Only a few days have passed since I published 'Free to Flourish' at Amazon, but I am already starting to think that it can't have been
as difficult as it seemed at the time.
If I didn't have any end notes or images it would have been
easy. The book, 'Building Your Book for Kindle', published by Kindle Direct Publishing (KDP) is easy to follow and
provides adequate guidance for a publication with no end notes or images.
My book contains a substantial number of end notes and images,
and I wanted the end notes to be 'active'. The advantage of active end notes is
fairly obvious. They enable you to click on a number, read the note, click
return to get back to the spot you were reading, and then read on without any
problems. By contrast, without active notes, you first have to find the note
you want to read, which may require you to go back to the contents page first
to find what chapter you were reading. After you have found the note and read
it, you then have to get back to the spot you were reading. This is manageable
with a printed book if you can remember to keep a finger inserted in the
relevant page, but you can't insert your finger into an eBook.
I found Scott Locke's book, 'The Kindle Publisher's Guide', particularly useful for instruction
on how to deal with notes and images.
Scott Locke recommends use of kindle-notes, freely available
third party software, to make footnotes active. It is necessary to get the text
in the required format for this purpose, but the time-consuming part of the
exercise was restoring punctuation in the document after it had been processed.
After processing in kindle-notes, my document was returned
with just about all punctuation other than full stops and commas replaced by
question marks. This meant that it was necessary to look at every question mark
in the document and decide whether it was meant to be a question mark, inverted
comma, a dash, a colon or whatever. I tried to do it quickly late at night,
made a lot of mistakes and then had to correct them (with the help of my
editor). This is not a process that anyone would want to go through more than
once per book. Once in a life-time might be enough for me!
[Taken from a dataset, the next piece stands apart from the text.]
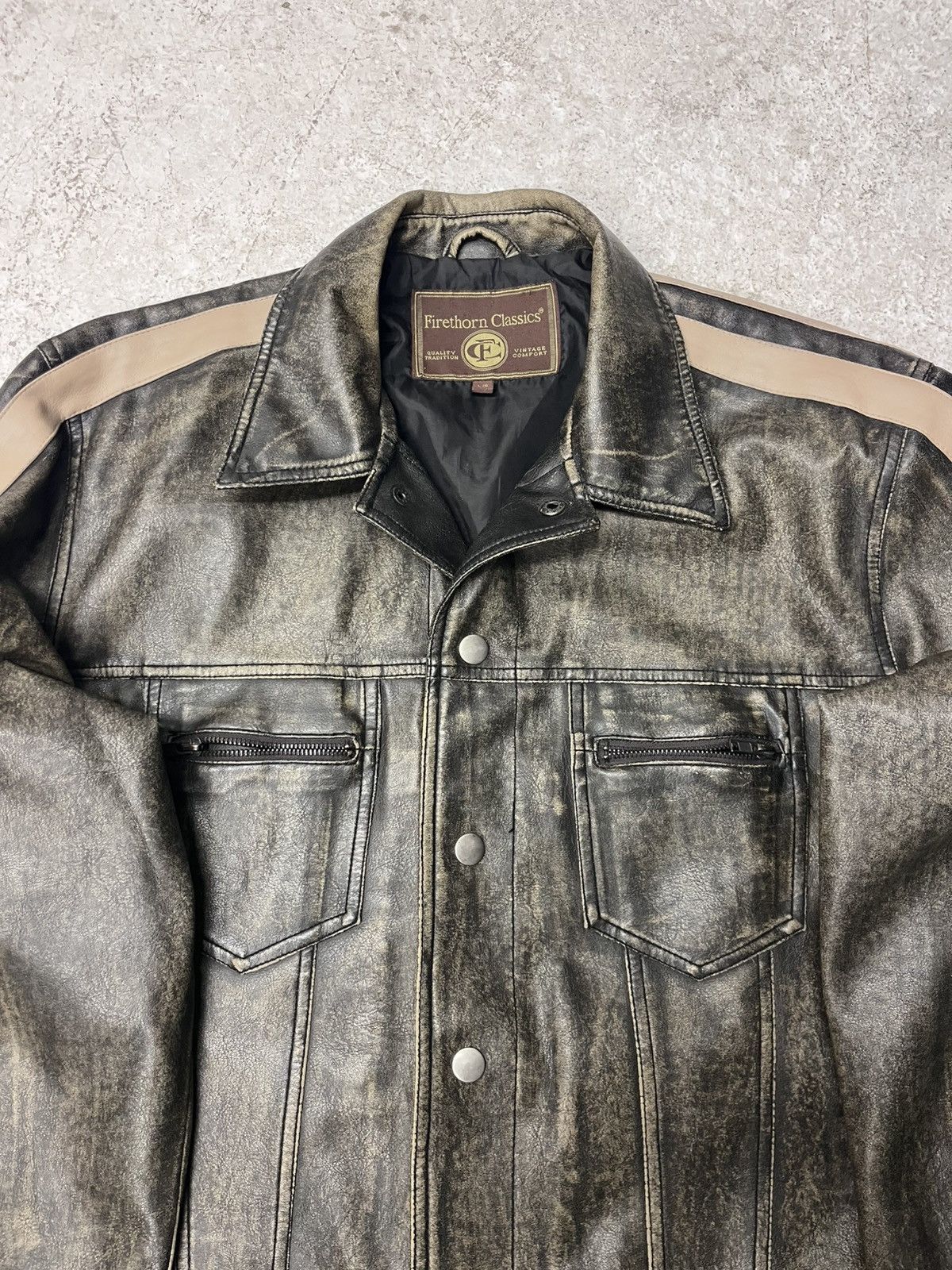 Vintage Vintage brown button up leather jacket Size US L / EU 52-54 / 3 - 1 Thumbnail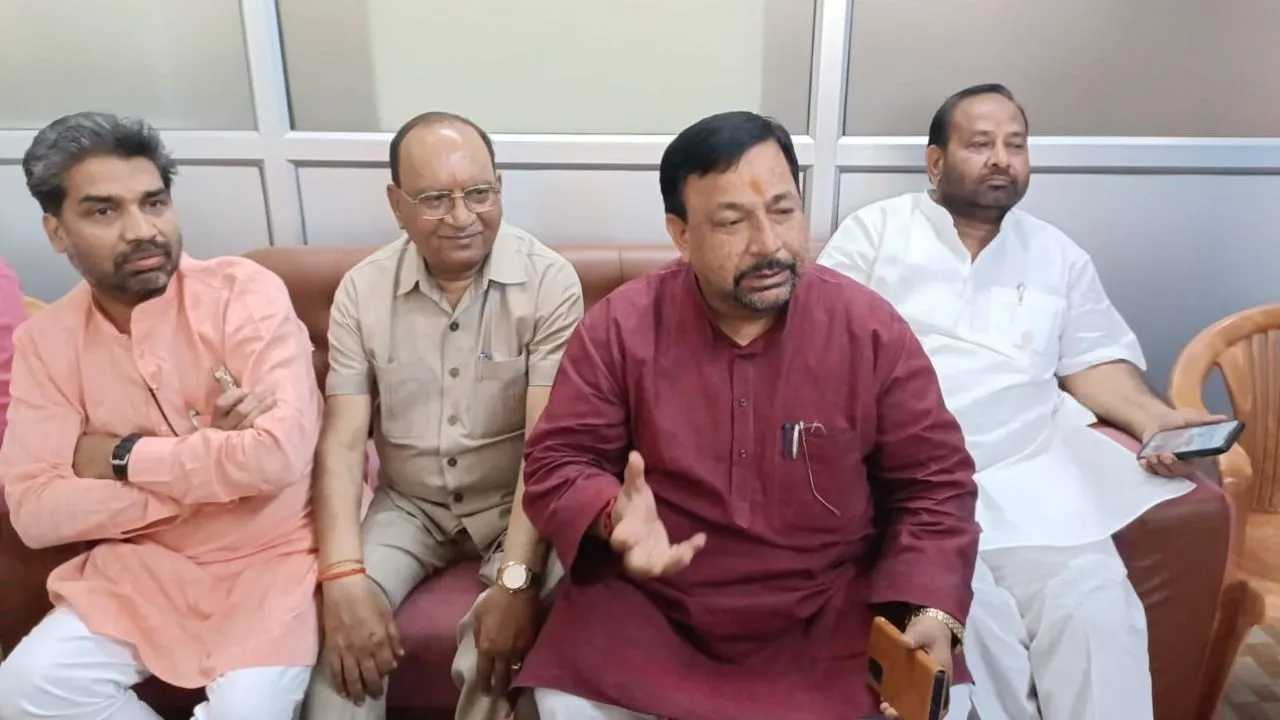 Farrukhabad: सांसद मुकेश राजपूत का वीडियो वायरल, सपा सुप्रीमो अखिलेश यादव ने किया ट्टीट, सूप बोले तो...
Scott Locke recommends the use of Mobipocket Creator to
insert images back into the document prior to uploading at KDP. I found that to
be good advice. The alternative method recommended by KDP (creating and
uploading a zipped file) didn't work for me, possibly because I had a
substantial number of images to deal with.
In retrospect, I can't claim that it was enormously difficult to
publish a Kindle eBook with a substantial number of end notes and images. The
process was just more tedious and time-consuming than I thought it would be.
This was despite the warnings I had been given by others (including the
suggestion that it might be wise to use an aggregator, alluded to in an
addendum to a guest post on self-publishing on this blog in October).
I still don't understand why publishing an eBook is a much more
tedious and time-consuming process than publishing pdf documents and web pages.
No doubt the technology will improve. At this stage, however, direct publishing
of eBooks with a lot of notes and images is not a piece of cake.